(Task) Each line below needs to be restated word for word.

(Provided material)

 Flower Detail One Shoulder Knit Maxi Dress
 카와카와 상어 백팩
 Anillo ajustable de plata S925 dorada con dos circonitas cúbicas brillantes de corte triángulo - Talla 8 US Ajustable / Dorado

(Task response)
 Flower Detail One Shoulder Knit Maxi Dress
 카와카와 상어 백팩
 Anillo ajustable de plata S925 dorada con dos circonitas cúbicas brillantes de corte triángulo - Talla 8 US Ajustable / Dorado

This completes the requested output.